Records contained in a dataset
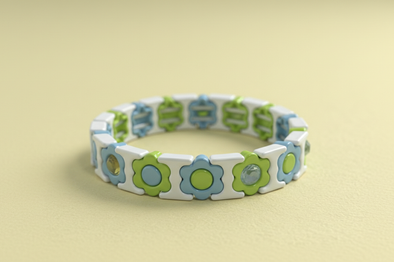 Florence Blue + Green Bracelet
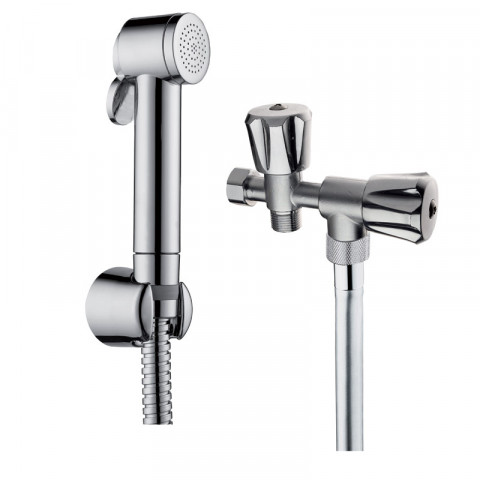 Applique WC extérieure avec douchette à impulsion - Chromé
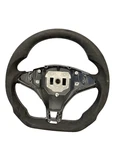 2012-20 Tesla Model X Dinan Alcantara Steeering Wheel Suede White Stitched. Fixed Price $345.00.
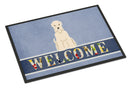 Soft Coated Wheaten Terrier Welcome Doormat Indoor Outdoor 18H X 27W Front Door Mat Rugs for Entryway, Non Slip Washable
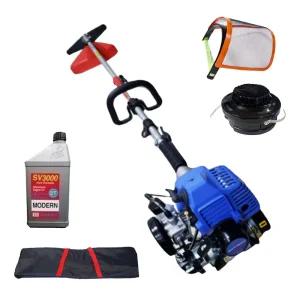 신형 엔진 미쓰비시 메이키 TL231 LPG 부탄 가스 견착식 예초기 벌초기 제초기 미쯔비시 2행정 엔진오일 줄날 안면보호구 포함AP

:: Task statement ::
Starting from the line containing "2012-20 Tesla Model", repeat each line exactly through the end of the entries, including the last, while leaving pictures out.

:: Result of the task ::
 2012-20 Tesla Model X Dinan Alcantara Steeering Wheel Suede White Stitched. Fixed Price $345.00.
 Soft Coated Wheaten Terrier Welcome Doormat Indoor Outdoor 18H X 27W Front Door Mat Rugs for Entryway, Non Slip Washable
 신형 엔진 미쓰비시 메이키 TL231 LPG 부탄 가스 견착식 예초기 벌초기 제초기 미쯔비시 2행정 엔진오일 줄날 안면보호구 포함AP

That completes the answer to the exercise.